### Exercise aim
From the material below, copy exactly the lines beginning with the one that contains "JACOBS STICKS 50 STICKS 2g" and ending with the one that contains "UniCones Kornout s překvapením"; the pictures stay out.

### Information
Start of Block
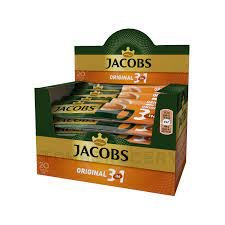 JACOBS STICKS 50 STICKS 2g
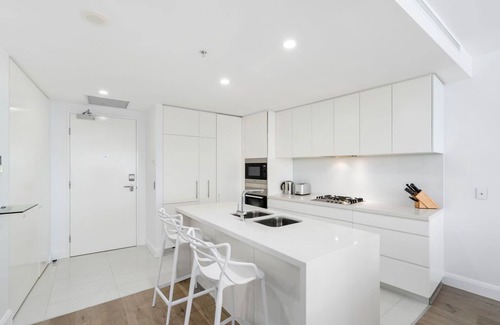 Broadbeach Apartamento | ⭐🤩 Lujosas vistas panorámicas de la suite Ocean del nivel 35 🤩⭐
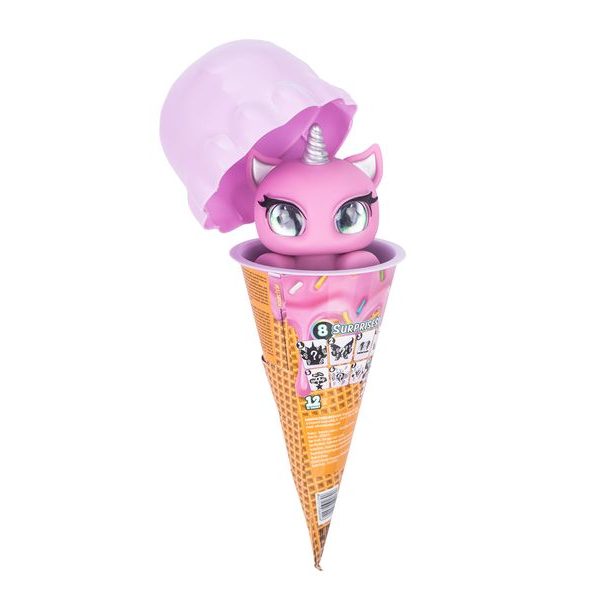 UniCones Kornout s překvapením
End of Block
Start of Block
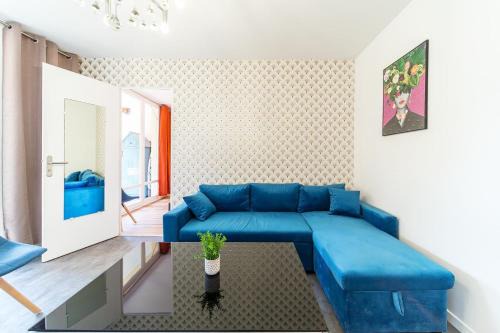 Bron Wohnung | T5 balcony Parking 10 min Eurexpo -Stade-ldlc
End of Block
### Task answer
 JACOBS STICKS 50 STICKS 2g
 Broadbeach Apartamento | ⭐🤩 Lujosas vistas panorámicas de la suite Ocean del nivel 35 🤩⭐
 UniCones Kornout s překvapením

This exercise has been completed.